A new strain has emerged in the already fragile relationship between Washington and its Gulf allies after reports revealed that Saudi Arabia declined to allow the United States to use its territory and airspace for a military operation linked to the Strait of Hormuz crisis.
The development comes at a sensitive moment for global energy markets, where even temporary instability around the strategic waterway can trigger oil price shocks, shipping disruptions, and inflationary pressure far beyond the Middle East — including in fuel-dependent economies like Nigeria.
Saudi sources told AFP on Friday that Riyadh prevented the United States from using Saudi airspace and military bases for “Project Freedom,” a brief US-led operation aimed at guiding ships through the Strait of Hormuz following heightened tensions with Iran.
According to the sources, Saudi Arabia maintained that allowing such operations from its territory could worsen regional instability and escalate confrontation with Tehran.
“Saudi Arabia was against the operation because it felt it would just escalate the situation and would not work,” one source reportedly told AFP.
The report followed comments by US President Donald Trump, who earlier announced a pause in the two-day-old operation amid renewed military tensions involving Iran.

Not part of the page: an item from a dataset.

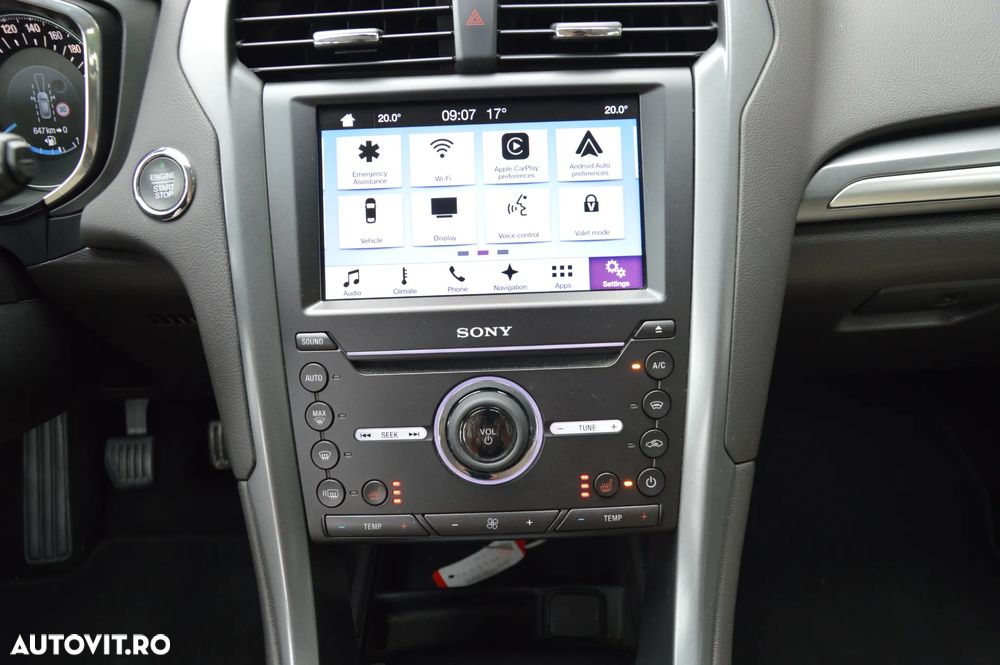 Ford Mondeo 1.5 TDCi Start-Stopp Titanium - 32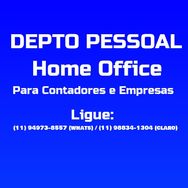 Regularização do Seu Depto Pessoal e Todos Os Registro de Funcionários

The situation intensified after reports that Iranian forces attacked three American destroyers in the Strait of Hormuz, prompting retaliatory US strikes on Iranian military targets. Tehran, however, accused Washington of initiating the confrontation.
Saudi Arabia’s Deputy Minister for Public Diplomacy, Rayed Krimly, later reiterated the kingdom’s official position, stating that Saudi Arabia “maintains its position supporting de-escalation and negotiations efforts.”
However, a closer look shows the issue extends beyond one military operation.
The Strait of Hormuz remains one of the world’s most critical energy chokepoints. Roughly one-fifth of global oil supply passes through the narrow maritime corridor linking the Persian Gulf to the Gulf of Oman.
Any military disruption there immediately raises concerns across international markets.
For Nigeria, the consequences are more complicated than rising crude prices alone.
Higher global oil prices can temporarily improve government revenue projections in Africa’s largest oil producer. However, a sustained regional conflict could also increase fuel import costs, weaken supply chains, pressure transportation costs, and contribute to inflation across local markets.
What makes the situation more complex is Nigeria’s continuing dependence on imported refined petroleum products despite its status as a major crude exporter.
That means geopolitical shocks in the Gulf can quickly translate into higher living costs for households and businesses in Lagos, Abuja, Port Harcourt, and other commercial centres.
Shipping insurance costs also tend to rise sharply whenever tensions escalate in the Hormuz corridor, affecting global trade routes and commodity pricing.
Beyond the immediate military dispute, Saudi Arabia’s response reflects a broader recalibration in Gulf politics.
In recent years, Riyadh has increasingly prioritised economic diversification, foreign investment, and regional stability under its Vision 2030 agenda. Avoiding direct involvement in another prolonged regional conflict aligns with that strategy.
Saudi Arabia’s recent diplomatic engagement with Iran, brokered through regional negotiations and Chinese-backed mediation efforts, has also reshaped its security calculations.
While Riyadh remains a strategic US ally, the kingdom appears increasingly reluctant to automatically align with aggressive military escalation in the region.
That shift could influence future US military planning across the Gulf, especially if regional allies continue pushing for diplomacy over confrontation.
The Strait of Hormuz has repeatedly been at the centre of global security concerns.
During earlier crises in 2019 and 2020, attacks on oil tankers and regional military confrontations triggered temporary spikes in oil prices and heightened fears of supply disruptions.
Analysts warn that even short-term instability can unsettle already fragile global markets struggling with inflation, high energy costs, and geopolitical uncertainty linked to conflicts in Eastern Europe and Asia.
Current market trends suggest investors are closely monitoring whether tensions between Washington and Tehran remain contained or evolve into a broader regional confrontation.
The real issue now is whether diplomatic channels can prevent another cycle of escalation in one of the world’s most strategically important waterways.
What authorities do next — particularly Washington, Tehran, and Riyadh — will determine whether the current tensions remain a temporary security flare-up or become a deeper geopolitical crisis with global economic consequences.